[Opening SUPPLIED INFORMATION section]

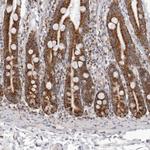 TUFM Antibody in Immunohistochemistry (Paraffin) (IHC (P))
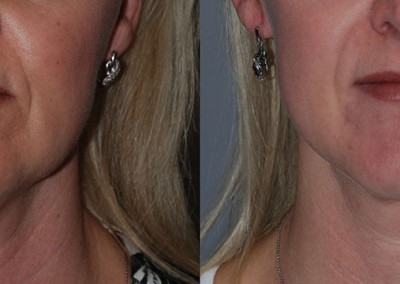 Before and After Neck Liposuction: Visual evidence of the contouring effects achieved through the treatment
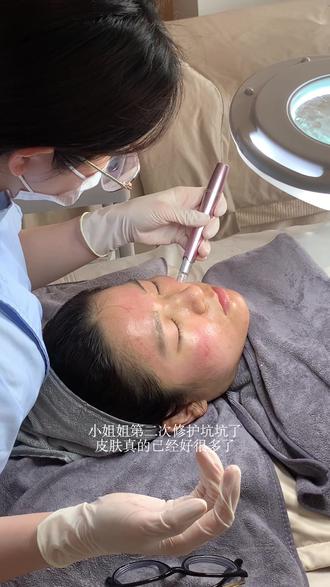 福州|院线填痘坑操作流程 #热门 #福州打卡 #福州皮肤管理 #福州仓山万达 #福州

[Closing SUPPLIED INFORMATION section]

-- YOUR INSTRUCTIONS --
From the line containing "Before and After" through the last line of the material above, write out each line exactly, leaving aside all pictures.

-- ANSWER TO THIS TASK --
 Before and After Neck Liposuction: Visual evidence of the contouring effects achieved through the treatment
 福州|院线填痘坑操作流程 #热门 #福州打卡 #福州皮肤管理 #福州仓山万达 #福州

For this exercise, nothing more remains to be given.